Let's ignore this context. If you don't understand English then you shouldn't
be expected to understand an English statement regardless of context.

> How long is a mile?

That depends on what time and space you are in. But that's ok. All such
measurements are relative and defined by non-natural constructs. But we can be
realistic and assume a mile is whatever _our government_ has decided.

When I tell you "I ran a mile", I'm not telling someone in Australia I ran a
mile. I"m telling _you_ that. If we are speaking over the internet it might
complicate things, but we only have to resolve the meaning of _mile_ once for
our relationship, and all proceeding discussions will use this meaning.

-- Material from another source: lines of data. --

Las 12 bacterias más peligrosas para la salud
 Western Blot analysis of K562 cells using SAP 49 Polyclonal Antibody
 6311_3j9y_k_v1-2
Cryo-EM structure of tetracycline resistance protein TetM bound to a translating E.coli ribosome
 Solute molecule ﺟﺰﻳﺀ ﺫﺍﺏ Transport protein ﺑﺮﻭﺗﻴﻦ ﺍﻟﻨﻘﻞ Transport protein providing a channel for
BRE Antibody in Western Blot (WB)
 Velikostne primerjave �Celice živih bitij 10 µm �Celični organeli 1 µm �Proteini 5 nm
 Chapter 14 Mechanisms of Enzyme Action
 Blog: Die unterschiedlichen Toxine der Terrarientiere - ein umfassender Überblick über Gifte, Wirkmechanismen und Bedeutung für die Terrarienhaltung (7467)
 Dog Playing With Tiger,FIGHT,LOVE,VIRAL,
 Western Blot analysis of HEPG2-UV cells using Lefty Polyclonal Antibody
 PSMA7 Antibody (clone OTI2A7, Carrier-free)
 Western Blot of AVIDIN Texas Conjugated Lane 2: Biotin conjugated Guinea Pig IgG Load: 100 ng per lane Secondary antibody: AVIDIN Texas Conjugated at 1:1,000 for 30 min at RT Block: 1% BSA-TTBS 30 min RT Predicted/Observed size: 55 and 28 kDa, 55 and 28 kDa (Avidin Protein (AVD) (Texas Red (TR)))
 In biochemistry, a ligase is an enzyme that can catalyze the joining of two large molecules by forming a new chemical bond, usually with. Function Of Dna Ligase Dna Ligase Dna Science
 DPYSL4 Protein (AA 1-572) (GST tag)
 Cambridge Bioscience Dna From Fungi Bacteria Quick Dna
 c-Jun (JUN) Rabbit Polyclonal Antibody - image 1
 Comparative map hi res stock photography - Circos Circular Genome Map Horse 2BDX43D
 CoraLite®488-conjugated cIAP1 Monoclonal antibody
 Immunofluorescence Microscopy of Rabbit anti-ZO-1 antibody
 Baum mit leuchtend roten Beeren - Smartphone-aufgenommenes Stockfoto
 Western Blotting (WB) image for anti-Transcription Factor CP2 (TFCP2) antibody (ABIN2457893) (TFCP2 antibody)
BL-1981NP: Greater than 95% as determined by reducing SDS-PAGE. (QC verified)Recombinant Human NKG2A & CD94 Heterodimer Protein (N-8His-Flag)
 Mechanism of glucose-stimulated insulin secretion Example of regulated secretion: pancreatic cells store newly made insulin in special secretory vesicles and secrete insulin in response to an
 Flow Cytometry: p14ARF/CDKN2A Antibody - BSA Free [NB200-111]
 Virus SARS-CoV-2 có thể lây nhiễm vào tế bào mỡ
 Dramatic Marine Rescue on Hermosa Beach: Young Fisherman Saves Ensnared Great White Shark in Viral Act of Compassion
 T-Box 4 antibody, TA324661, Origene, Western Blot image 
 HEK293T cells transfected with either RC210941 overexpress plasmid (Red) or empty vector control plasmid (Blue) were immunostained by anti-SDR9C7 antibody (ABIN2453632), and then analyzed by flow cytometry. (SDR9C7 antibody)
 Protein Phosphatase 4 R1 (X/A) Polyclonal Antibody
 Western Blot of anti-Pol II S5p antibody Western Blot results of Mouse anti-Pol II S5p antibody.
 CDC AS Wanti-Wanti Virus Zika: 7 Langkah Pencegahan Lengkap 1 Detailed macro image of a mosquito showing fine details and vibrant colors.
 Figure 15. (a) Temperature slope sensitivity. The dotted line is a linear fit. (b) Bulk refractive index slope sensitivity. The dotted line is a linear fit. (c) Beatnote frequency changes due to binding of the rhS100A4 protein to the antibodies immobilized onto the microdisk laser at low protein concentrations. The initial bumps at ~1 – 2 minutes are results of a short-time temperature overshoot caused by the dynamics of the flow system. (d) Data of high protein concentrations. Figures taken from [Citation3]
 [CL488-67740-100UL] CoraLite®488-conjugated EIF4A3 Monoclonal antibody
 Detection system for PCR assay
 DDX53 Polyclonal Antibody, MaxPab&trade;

I would argue that this makes the word _mile_ unambiguous in the sense that
you are saying. If we had to assert _each time_ what I meant by a mile, then
that would be ambiguous.

> that sentence might not make any sense to someone reading it in 20 years

Evolution of language is a separate phenomenon. We don't need to consider
that. Only what the language means _today_ right now as I use it. That's the
utility of language. For older English texts, we have literature which matches
our common vernacular to the vernacular of the time. Foreign translations are
out of scope for the same reason listed above. Since we have mappings between
today's English and yesterday's English, I would again argue that this is not
a source of ambiguity.

> And then when is today? May 7, 2019

That doesn't have anything to do with language. That is a chronospacial
coordinate. It represents a certain degree of completion of our orbit around
the sun. It isn't a measurement of time at all. It's only relative in the
sense that all time and space measurements are relative to the spacetime
coordinate of the Big Bang.

Time is inherently a _relative concept_. We don't have time unless we are
comparing (relating) two different frames. We define one in terms relative to
the other (motion, state, etc). In a single, non-relative frame of reference
time just doesn't exist.

> And then finally, what if you were lying?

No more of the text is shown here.